Ervin Bajrami ha quasi 22 anni, la pelle olivastra e profondi occhi scuri. «Io mi sento italiano, ho trascorso metà della mia vita a Bergamo, dopo aver abbandonato il mio Paese in guerra. Amo questa città, mi sento bergamasco».

Ervin Bajrami ha quasi 22 anni, la pelle olivastra e profondi occhi scuri. «Io mi sento italiano, ho trascorso metà della mia vita a Bergamo, dopo aver abbandonato il mio Paese in guerra. Amo questa città, mi sento bergamasco.
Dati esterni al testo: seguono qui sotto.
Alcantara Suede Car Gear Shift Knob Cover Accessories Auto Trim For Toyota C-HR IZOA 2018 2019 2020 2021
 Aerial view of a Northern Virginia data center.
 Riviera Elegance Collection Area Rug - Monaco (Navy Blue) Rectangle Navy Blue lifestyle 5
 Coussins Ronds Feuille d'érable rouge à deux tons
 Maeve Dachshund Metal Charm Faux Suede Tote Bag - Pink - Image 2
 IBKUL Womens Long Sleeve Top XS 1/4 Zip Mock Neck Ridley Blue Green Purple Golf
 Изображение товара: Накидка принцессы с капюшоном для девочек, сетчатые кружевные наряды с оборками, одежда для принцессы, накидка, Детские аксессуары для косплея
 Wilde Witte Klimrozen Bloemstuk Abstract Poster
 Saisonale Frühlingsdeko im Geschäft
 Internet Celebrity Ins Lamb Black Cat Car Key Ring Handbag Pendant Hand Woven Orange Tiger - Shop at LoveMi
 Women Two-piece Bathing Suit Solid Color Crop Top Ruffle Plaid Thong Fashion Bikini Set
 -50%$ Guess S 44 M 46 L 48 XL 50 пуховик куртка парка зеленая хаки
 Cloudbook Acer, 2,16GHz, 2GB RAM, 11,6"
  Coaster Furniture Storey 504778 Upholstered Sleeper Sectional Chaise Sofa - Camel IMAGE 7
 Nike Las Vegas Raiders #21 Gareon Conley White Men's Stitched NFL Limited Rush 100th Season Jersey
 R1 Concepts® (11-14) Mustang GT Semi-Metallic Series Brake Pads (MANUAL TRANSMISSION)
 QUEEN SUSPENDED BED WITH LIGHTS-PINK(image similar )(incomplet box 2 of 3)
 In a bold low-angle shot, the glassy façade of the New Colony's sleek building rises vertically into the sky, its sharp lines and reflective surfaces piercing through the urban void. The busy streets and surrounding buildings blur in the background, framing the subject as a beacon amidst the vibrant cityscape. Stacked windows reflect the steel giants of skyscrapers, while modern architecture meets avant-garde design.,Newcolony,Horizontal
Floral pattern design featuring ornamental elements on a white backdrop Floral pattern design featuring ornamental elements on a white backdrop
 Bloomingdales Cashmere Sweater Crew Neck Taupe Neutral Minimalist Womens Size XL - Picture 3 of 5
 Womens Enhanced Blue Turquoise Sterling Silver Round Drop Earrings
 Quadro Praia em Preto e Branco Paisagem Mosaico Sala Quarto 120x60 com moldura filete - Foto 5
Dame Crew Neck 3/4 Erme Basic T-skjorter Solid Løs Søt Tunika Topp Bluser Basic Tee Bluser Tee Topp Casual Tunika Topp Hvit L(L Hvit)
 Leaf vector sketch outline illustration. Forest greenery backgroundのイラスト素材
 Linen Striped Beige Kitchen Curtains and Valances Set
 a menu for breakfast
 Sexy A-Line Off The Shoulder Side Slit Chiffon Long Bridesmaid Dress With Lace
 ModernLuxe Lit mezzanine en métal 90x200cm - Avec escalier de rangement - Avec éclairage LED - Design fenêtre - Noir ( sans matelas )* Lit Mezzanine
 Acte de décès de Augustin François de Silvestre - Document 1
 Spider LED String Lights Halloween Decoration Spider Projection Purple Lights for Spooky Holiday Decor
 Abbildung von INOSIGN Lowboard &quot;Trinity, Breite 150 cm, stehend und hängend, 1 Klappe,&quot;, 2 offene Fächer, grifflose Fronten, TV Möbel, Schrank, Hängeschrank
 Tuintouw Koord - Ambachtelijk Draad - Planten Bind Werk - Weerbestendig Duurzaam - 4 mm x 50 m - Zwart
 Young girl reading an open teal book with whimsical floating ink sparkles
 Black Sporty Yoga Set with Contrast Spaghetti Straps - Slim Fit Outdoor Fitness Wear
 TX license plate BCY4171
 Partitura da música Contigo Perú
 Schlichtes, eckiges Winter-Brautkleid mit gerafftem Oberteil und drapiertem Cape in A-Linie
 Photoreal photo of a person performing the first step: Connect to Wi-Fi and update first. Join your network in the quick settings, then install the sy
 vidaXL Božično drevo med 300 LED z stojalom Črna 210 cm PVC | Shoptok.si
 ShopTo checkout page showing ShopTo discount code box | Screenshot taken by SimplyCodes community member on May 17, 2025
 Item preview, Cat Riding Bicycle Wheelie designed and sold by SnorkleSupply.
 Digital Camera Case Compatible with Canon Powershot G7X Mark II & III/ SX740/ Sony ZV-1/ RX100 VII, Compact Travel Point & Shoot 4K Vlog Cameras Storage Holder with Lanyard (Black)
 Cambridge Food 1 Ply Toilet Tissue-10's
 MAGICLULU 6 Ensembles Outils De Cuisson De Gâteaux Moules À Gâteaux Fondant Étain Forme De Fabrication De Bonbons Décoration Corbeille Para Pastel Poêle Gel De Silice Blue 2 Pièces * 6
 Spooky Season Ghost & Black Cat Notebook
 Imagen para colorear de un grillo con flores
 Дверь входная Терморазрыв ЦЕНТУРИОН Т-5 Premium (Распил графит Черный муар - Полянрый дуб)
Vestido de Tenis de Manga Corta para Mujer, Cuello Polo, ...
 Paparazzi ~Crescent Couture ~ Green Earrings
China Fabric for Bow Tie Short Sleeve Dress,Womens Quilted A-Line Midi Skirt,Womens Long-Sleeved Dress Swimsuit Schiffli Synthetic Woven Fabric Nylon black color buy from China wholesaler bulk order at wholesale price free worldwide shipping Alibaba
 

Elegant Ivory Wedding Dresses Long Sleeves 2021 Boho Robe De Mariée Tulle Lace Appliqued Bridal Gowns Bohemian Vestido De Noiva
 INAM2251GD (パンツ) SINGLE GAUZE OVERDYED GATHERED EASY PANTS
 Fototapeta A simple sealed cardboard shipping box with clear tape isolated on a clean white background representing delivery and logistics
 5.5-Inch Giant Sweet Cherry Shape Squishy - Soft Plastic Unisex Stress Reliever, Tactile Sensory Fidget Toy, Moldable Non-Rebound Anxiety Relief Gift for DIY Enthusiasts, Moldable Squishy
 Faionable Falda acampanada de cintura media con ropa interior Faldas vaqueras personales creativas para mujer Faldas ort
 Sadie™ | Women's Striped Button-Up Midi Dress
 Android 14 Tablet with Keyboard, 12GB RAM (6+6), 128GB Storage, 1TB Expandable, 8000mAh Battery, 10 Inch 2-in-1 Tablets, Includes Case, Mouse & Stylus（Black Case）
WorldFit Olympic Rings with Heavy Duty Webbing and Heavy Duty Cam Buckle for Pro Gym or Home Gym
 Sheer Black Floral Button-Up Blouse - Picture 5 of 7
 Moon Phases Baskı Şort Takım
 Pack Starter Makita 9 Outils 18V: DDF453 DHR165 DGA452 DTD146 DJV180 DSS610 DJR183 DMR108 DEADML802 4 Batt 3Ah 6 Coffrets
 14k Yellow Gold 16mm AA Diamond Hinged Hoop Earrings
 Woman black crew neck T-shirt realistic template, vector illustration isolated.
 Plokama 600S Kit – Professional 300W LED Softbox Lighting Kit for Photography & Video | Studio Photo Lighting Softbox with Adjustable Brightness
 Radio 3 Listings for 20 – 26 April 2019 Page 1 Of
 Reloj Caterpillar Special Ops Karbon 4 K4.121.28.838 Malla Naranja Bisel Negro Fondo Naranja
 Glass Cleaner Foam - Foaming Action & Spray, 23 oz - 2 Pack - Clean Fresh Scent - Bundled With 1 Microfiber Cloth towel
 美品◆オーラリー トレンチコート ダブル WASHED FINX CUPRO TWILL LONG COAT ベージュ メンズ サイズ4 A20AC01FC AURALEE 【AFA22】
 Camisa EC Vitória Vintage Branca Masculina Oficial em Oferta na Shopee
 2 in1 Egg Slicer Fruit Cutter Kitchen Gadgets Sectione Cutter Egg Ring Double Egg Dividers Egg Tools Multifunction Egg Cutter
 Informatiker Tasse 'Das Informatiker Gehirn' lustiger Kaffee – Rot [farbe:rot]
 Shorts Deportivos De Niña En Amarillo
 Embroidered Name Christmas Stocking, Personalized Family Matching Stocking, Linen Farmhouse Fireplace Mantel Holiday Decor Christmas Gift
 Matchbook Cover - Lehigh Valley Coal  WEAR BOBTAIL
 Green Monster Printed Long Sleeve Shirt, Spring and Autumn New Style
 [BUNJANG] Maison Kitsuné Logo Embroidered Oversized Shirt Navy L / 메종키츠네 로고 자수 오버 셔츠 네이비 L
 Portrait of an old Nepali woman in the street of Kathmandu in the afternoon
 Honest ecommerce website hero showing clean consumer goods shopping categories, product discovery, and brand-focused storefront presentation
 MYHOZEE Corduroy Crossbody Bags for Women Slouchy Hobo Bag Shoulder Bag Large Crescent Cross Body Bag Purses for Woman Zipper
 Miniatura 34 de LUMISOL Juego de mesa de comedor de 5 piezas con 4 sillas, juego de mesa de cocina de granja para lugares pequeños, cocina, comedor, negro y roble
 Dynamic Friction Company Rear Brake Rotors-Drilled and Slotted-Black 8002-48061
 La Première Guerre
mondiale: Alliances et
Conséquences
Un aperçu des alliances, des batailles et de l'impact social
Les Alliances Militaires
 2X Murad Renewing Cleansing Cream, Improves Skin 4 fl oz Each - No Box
Se anche volessi tornare indietro, non avrei nulla: né una casa, né parenti, né amici». Basterebbero queste parole pronunciate tradendo l'emozione, per comprendere l'importanza del dibattuto sul tema delle seconde generazioni e della cittadinanza.

Ervin, nonostante la giovane età, è molto lucido: «Io ho voluto e voglio integrarmi nel mondo in cui sono arrivato: non è sempre stato semplice, anche se ho incontrato persone accoglienti». Nessuna pretesa a senso unico da questo giovane che vive, dal punto della appartenenza culturale, una situazione complessa: «Nato in Kosovo, non solo sono straniero: la mia origine Rom è percepita con maggiore sospetto e diffidenza. Ai Rom si pensa come quelli che rubano, che chiedono l'elemosina, addirittura ricordo che rimasi colpito quando sentii dire che rapiscono i bambini. Rispetto alla mia origine, anch'io mi rendo conto di avere sentimenti contraddittori. In realtà il popolo Rom è costituito da tanti gruppi di etnia e religione diversa. La mia famiglia è kosovara e siamo musulmani. Vivevamo a Pristina, ma non siamo mai stati nomadi e mai abbiamo abitato nei campi».

La storia di Ervin da un lato mostra il desiderio di integrazione e di non essere «etichettato», dall'altro la consapevolezza che «le origini sono importanti e non si devono rinnegare, ma vorrei – dice Ervin – che i comportamenti di alcuni non danneggiassero altri. Quando leggo di alcuni fatti di cronaca in cui i Rom sono protagonisti negativi, un po' mi vergogno».